A mantra is a sacred verse or sound, a grouping of sound vibrations which have an effect on the mental and psychic consciousness. Recited or chanted in Sanskrit, it symbolically conveys the spiritual dimension of yoga. The word-by-word translations and commentaries offer a conscious and profound access to yoga philosophy. The most popular (mantra) consists of only letters: O-M! Yet there are numerous mantras. Traditionally, we open and close our Ashtanga practice with a mantra.
”I bow to the lotus feet of the Supreme Gurus which awaken insight into the happiness of pure Being, which are the refuge, the jungle physician, which eliminate the delusion caused by the poisonous herb of Samsara.

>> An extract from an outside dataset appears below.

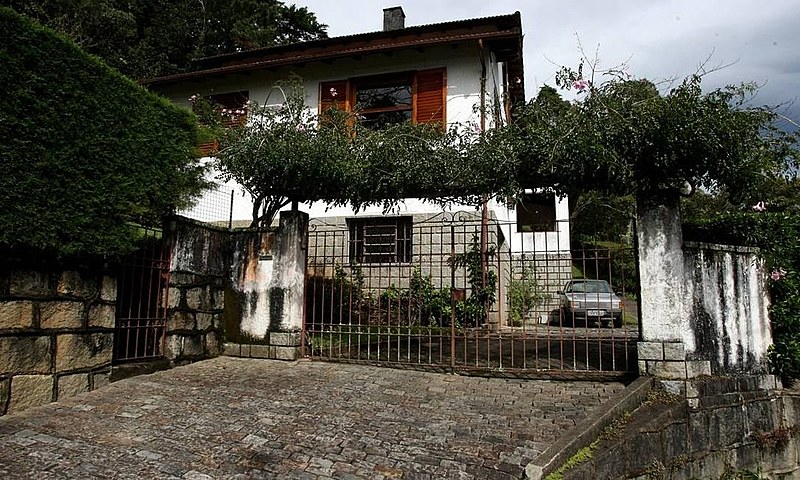 Depoimentos e investigações indicam que a casa funcionou como centro de tortura de 1971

I prostrate before the sage Patanjali who has thousands of radiant, white heads and who has, as far as his arms, assumed the form of a man holding a conch shell, a wheel and a sword.“
Mantra and Ajapa Japa Meditation
Of all the systems of yoga used to induce pratyahara and intended to lead eventually to samadhi,japa yoga is the easiest and safest and can be practised by anyone at any time and under any conditions. Japa means the constant repetition of a mantra. Japa becomes ajapa (spontaneous) japa when the mantra automatically repeats itself without conscious effort. It is said that ajapa japa comes from the heart, whereas japa comes from the mouth. Ajapa japa relieves the mind of all tensions, which in turn removes the root cause of most physical and mental ailments. Ajapa
japa exerts a direct influence on the nervous system’s reticular activating nucleus, which is located in the midbrain. In japa there is a continued rotation of consciousness centred on the mantra and the mind becomes concentrated and relaxed, which tends to bring all the physical and mental faculties of man to their most efficient working state.
How to do mantra meditation:
– Select any mantra or name of God, preferably one given by your guru. If you have no mantra,use Om or Soham, which is the universal mantra suitable for all. Repeat it from 108 to 1,080 times daily; that is, practise one to ten malas (a string of small beads).

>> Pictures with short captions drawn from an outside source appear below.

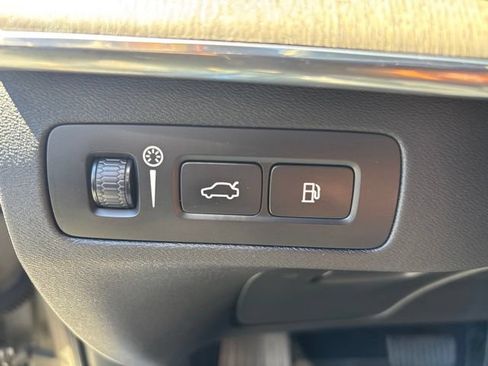 Used 2020 Volvo XC90 T8 Inscription AWD/4WD image 16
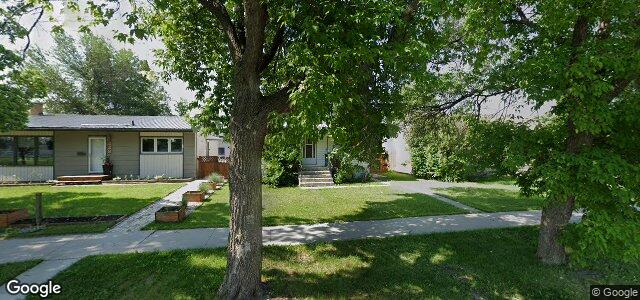 Larawan ng 444 Chelsea Avenue sa Winnipeg, Manitoba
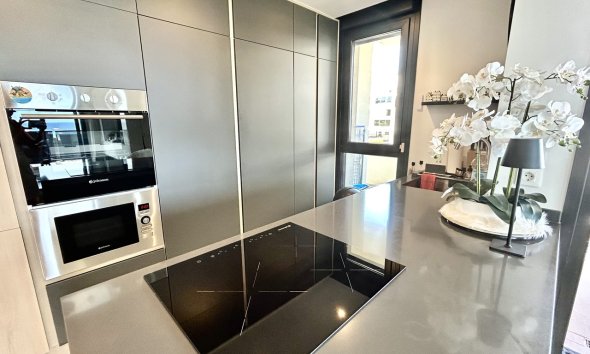 Resale - Apartment - Orihuela Costa - Playa Flamenca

– Use only the middle finger and thumb of the right hand for rolling the beads; the index and little fingers should not touch the beads.
– Japa is best practised in a steady meditation asana such as padmasana or siddhasana/siddha yoni asana.

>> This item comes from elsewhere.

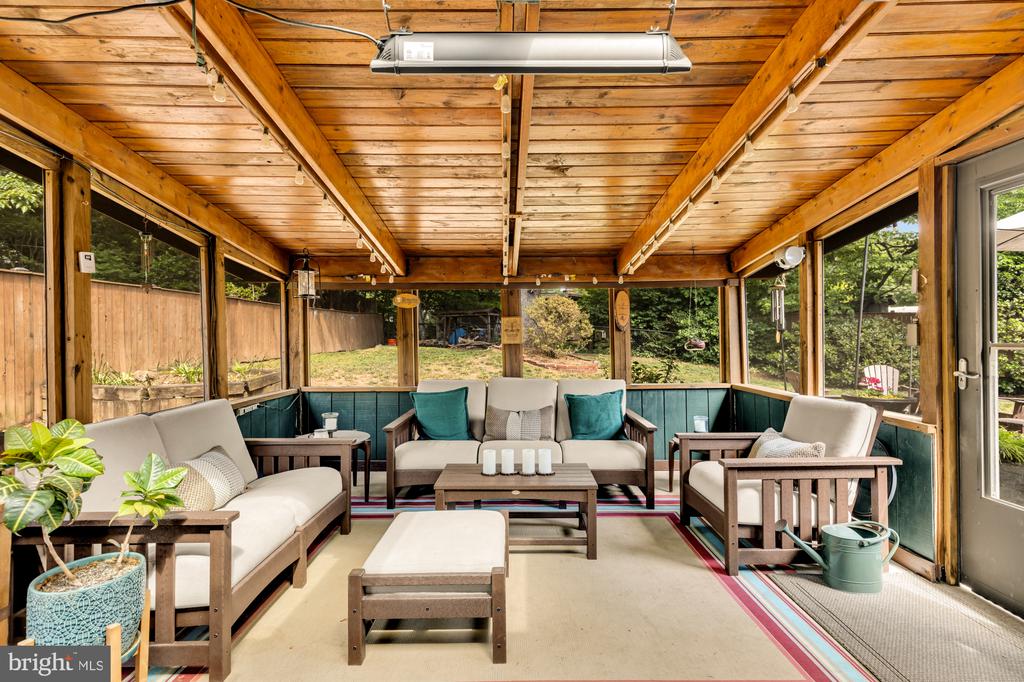 3018 PINE SPRING ROAD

– Do mental japa for some time.
– Pronounce each letter of the mantra correctly and distinctly. Do not repeat it too fast or too slow. Increase the speed only when the mind starts to wander.
– Do not wish for any worldly objects while doing japa. Feel that your heart is being purified and the mind is becoming steady by the power of the mantra.
– Keep your guru mantra a secret; never disclose it to anyone.
– If possible the aspirant should face to the North or the East while practising.
– Japa is intended to bring the hidden, subconscious elements, fears and desires of the mind to the surface in the form of images and thoughts. When these come into your mind, watch them as an unaffected spectator, but do not lose track of your japa.
– Japa repetition brings about chitta shuddhi or mental purification which is very important in the preliminary stages of spiritual life because if the samskaras and vasanas are not removed early,they will become great obstructions later.
– In meditation we are not trying to force the mind; we try to avoid effort at concentration. What we want is simply relaxed awareness. We remain only an impartial witness.